Insight

Avoiding the Pitfalls of Comparative Advertising

Comparative Advertising laws differ from country to country. It's best to know what is and isn't allowed in your country. Here is some advice on what to avoid when using comparative advertising in Australia.

RF

Richard Flitcroft

August 2, 2015 12:00 AM

Businesses who regularly use comparative advertising to get a leg up on their competitors and who want to avoid being hauled in front of the Federal Court for falling foul of the Competition and Consumer Act 2010 (CCA) would do well to have regard to the simple lessons that can be learned from the Federal Court decision of Samsung Electronics Australia Pty Limited v LG Electronics Australia Pty Limited[1] (Samsung v LG).

In Samsung v LG, Nicholas J was required to consider whether certain representations made by LG were misleading or deceptive or false or misleading in contravention of sections 18 and 29(1)(a) of Schedule 2 to the CCA, the Australian Consumer Law (ACL).

The representations that were the subject of the proceedings were made to members of the Australian public in respect of LG’s Cinema 3D television.

LG’s Cinema 3D television range was launched in April 2011 approximately a year after the first 3D televisions were released on to the Australian market. The advertisements the subject of the proceedings were humorous and were a parody of ‘scientific’ tests conducted on the two different forms of technology utilised by, on the one hand, LG and on the other, conventional 3D televisions by other competitors such as Samsung.
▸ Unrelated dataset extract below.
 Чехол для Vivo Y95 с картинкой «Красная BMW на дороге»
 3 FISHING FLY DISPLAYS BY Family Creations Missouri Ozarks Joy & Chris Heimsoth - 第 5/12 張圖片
Importantly, the Court found the use of parody and humour in the advertisements meant that ordinary and reasonable consumers would not construe the advertisements literally. Accordingly the Court found that the vast majority of representations made by LG were not misleading or deceptive or false or misleading.
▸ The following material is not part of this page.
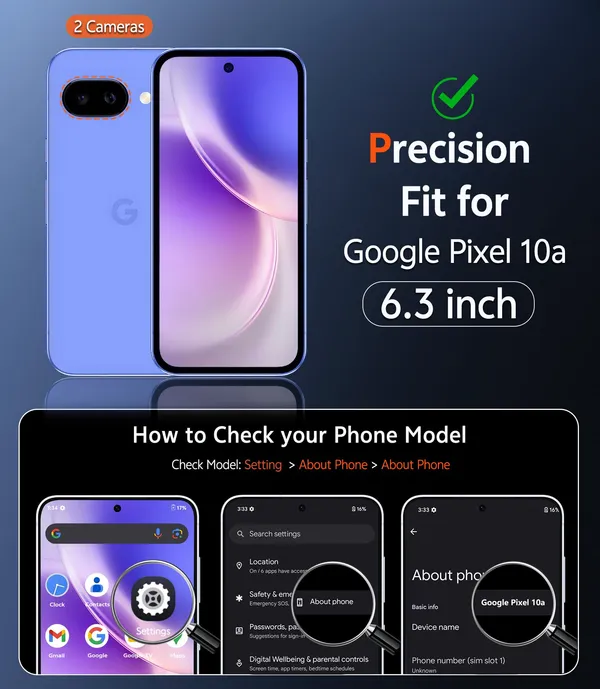 Google_Pixel_10a_Anti-Yellow_Bumper_Corner_Transparent_Case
For the representations that did fall foul of the CCA, these were found to be misleading or deceptive on the basis that they were unqualified representations as to certain comparative facts between the two different types of technology.

KEY TAKEAWAYS

Businesses who regularly utilise comparative advertising should:

a. consider the use of humour and parody in the representations they make in order to make a point about differences between their product and that of their competitor in an entertaining and catchy way. Comparative advertising is a powerful tool for businesses who keep in mind the impact that such advertising will have on the ordinary and reasonable viewer;

b. consider the scope of potential representations that are being made, the audience to whom it is conveyed and the likely impact that the representations will have on the ordinary and reasonable consumer. In considering Samsung’s submissions in relation to a particular type of television commercial, the Court observed that Samsung’s evidence in support was the result of ‘over-analysis’ which identified multiple messages not actually conveyed to the ordinary and reasonable viewer[2]; and

c. have regard to the accuracy of the representations that are being made including, to the extent that they are only partially correct, the degree to which the draft advertisements can be qualified so as not to be misleading or likely to mislead. Sometimes a “qualification” or footnote can correct any overriding misleading first impression – however, don’t hang your hat on a qualification or footnote to inoculate an otherwise misleading headline statement.

SURVEY EVIDENCE

In any subsequent litigation process, considerations about the use and development of survey evidence may arise. If a party commissions a survey to provide evidence to rebut allegations that representations are misleading or deceptive, it should be done in the knowledge that any pilot surveys and market research undertaken in designing that survey may not be privileged and may have to be shared.

Whilst the Federal Court practice note on survey evidence does not require pilot surveys to be handed over, it is usual practice in the United Kingdom for a party to produce them.

Justice Nicholas noted in passing that, where the form of survey evidence relied upon is in dispute, it seemed appropriate that, as in the United Kingdom, the party wishing to rely on the survey should produce any pilot study that was conducted by the party for the purpose of designing or testing the questionnaire.

Accordingly, businesses who commission pilot surveys should keep in mind that the pilot surveys may be requested and required to be produced to the court for the purpose of testing the veracity of surveys relied upon later and in the course of proceedings for misleading or deceptive conduct.